* About this exercise
Print the listing below exactly, images excluded.

* Data
═══

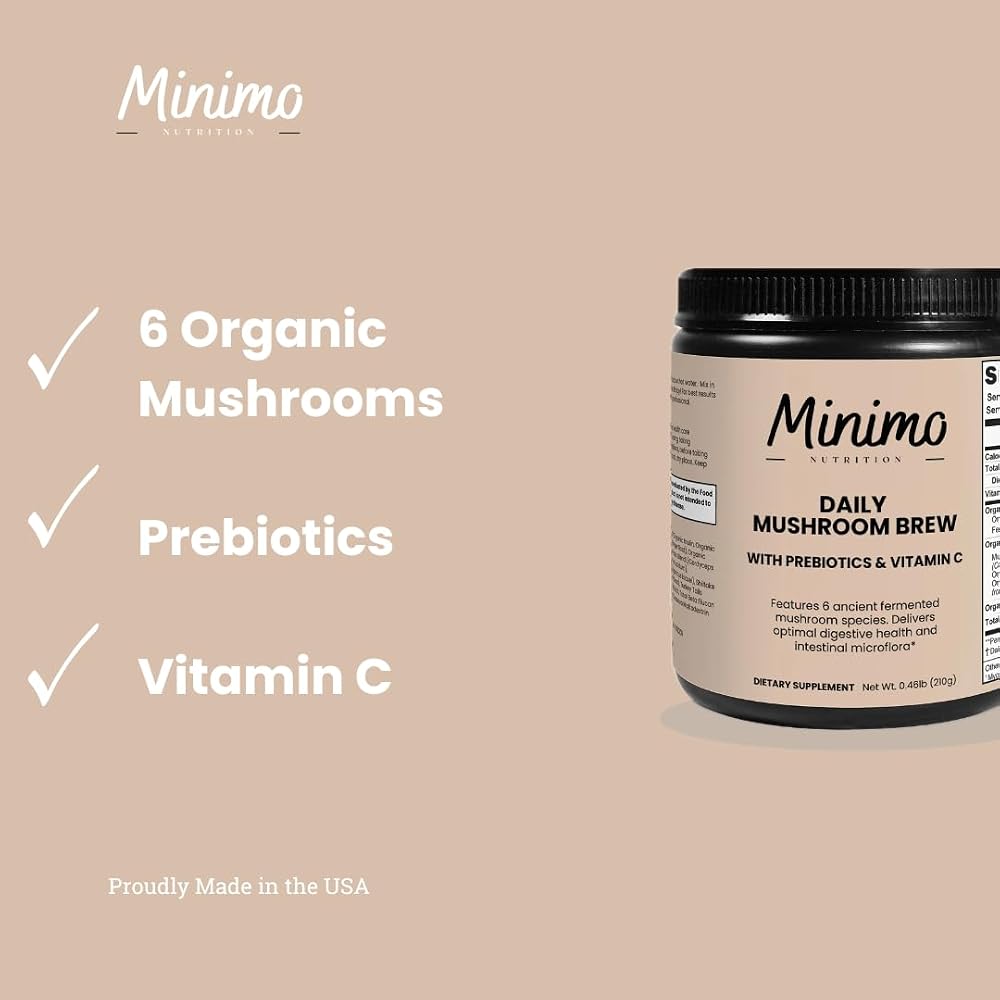 Minimo Nutrition Organic Mushroom Blend Powder for Energy & Immunity - image 2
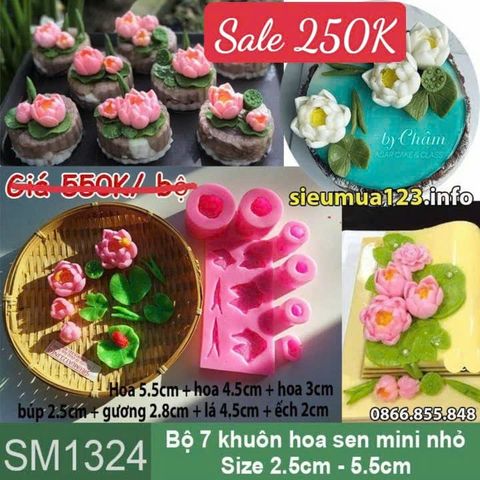 Khuôn silicon bộ 7 hoa sen mini nhỏ 2,5cm - 5,5cm ( SM1324 )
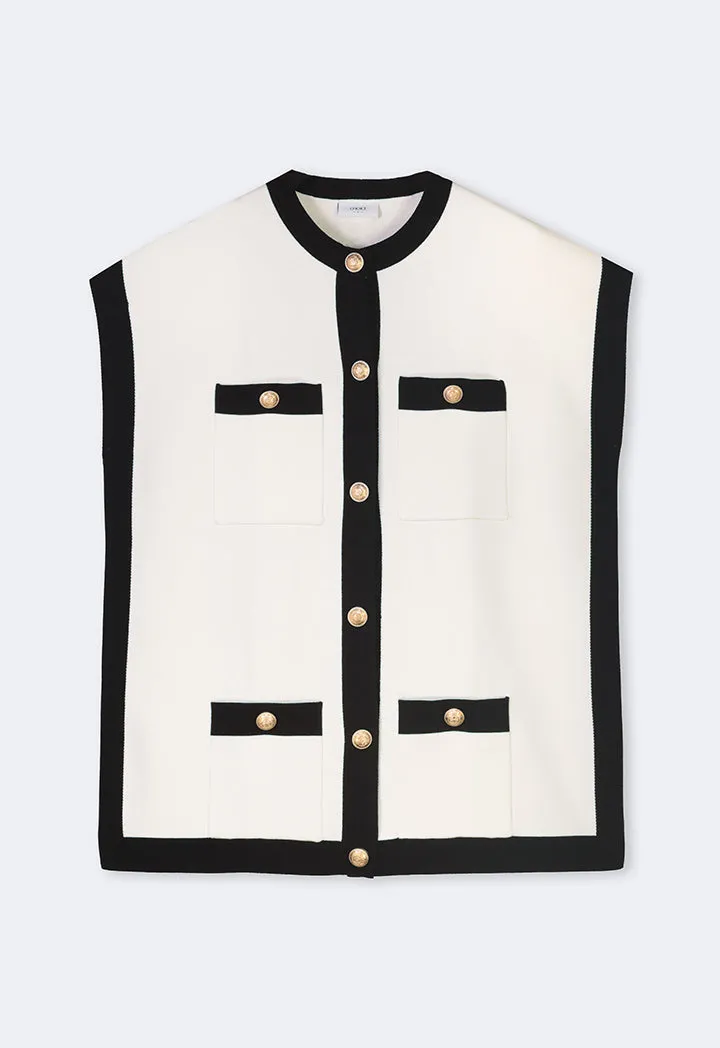 Choice Contrast Knitted Sleeveless Knitwear Jacket Off White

═══

* Your solution
 Minimo Nutrition Organic Mushroom Blend Powder for Energy & Immunity - image 2
 Khuôn silicon bộ 7 hoa sen mini nhỏ 2,5cm - 5,5cm ( SM1324 )
 Choice Contrast Knitted Sleeveless Knitwear Jacket Off White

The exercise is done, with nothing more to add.